BEGIN Data records

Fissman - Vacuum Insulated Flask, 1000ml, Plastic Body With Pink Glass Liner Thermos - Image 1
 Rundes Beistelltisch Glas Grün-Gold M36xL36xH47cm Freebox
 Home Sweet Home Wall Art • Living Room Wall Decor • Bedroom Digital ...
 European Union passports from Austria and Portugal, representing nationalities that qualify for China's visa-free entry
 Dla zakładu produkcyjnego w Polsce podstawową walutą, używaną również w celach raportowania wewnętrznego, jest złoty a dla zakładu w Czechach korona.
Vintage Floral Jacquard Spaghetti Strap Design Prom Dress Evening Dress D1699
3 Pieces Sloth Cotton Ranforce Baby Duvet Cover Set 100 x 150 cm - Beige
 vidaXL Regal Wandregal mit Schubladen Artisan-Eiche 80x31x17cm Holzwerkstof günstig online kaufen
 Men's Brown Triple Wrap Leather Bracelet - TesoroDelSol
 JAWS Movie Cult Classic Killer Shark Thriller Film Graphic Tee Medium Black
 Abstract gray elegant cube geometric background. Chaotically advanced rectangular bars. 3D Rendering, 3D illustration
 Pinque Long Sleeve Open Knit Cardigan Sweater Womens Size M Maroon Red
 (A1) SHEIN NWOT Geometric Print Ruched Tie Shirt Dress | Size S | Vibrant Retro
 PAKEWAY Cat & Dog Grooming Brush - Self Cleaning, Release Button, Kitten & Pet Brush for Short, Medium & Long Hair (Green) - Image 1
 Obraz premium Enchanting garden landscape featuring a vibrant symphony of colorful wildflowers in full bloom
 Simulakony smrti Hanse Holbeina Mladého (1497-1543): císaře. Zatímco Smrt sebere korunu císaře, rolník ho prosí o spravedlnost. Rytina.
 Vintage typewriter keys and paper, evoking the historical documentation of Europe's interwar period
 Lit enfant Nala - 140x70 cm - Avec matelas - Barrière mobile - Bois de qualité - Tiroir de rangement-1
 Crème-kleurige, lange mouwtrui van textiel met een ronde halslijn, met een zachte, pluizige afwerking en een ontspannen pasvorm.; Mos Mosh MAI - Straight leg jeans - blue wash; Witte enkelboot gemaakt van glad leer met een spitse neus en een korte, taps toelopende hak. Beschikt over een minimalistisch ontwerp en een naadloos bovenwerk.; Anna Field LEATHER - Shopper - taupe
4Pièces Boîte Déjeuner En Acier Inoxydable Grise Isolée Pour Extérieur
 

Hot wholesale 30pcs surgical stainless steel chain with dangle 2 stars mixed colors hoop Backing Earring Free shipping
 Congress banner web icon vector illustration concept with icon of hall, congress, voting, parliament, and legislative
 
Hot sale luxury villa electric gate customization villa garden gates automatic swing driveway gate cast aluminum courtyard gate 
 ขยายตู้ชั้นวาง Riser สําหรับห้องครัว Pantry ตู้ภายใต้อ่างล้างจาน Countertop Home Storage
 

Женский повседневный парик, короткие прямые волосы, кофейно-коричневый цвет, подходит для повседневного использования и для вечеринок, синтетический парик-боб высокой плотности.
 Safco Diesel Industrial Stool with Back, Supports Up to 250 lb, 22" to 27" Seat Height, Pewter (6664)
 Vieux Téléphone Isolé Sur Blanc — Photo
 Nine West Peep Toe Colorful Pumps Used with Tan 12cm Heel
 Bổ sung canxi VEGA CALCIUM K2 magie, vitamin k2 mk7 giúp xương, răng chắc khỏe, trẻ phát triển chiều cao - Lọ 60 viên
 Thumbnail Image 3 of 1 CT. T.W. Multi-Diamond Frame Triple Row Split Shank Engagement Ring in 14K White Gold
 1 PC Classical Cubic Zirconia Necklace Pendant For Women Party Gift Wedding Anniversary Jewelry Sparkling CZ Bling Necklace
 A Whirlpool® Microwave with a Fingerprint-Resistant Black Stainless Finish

END Data records

Problem statement:
In the entries above, find the line holding "Hot sale luxury" and the line holding "Женский повседневный парик, короткие"; print both of them and every line between, exactly, and nothing else.

Worked solution:
Hot sale luxury villa electric gate customization villa garden gates automatic swing driveway gate cast aluminum courtyard gate 
 ขยายตู้ชั้นวาง Riser สําหรับห้องครัว Pantry ตู้ภายใต้อ่างล้างจาน Countertop Home Storage
 

Женский повседневный парик, короткие прямые волосы, кофейно-коричневый цвет, подходит для повседневного использования и для вечеринок, синтетический парик-боб высокой плотности.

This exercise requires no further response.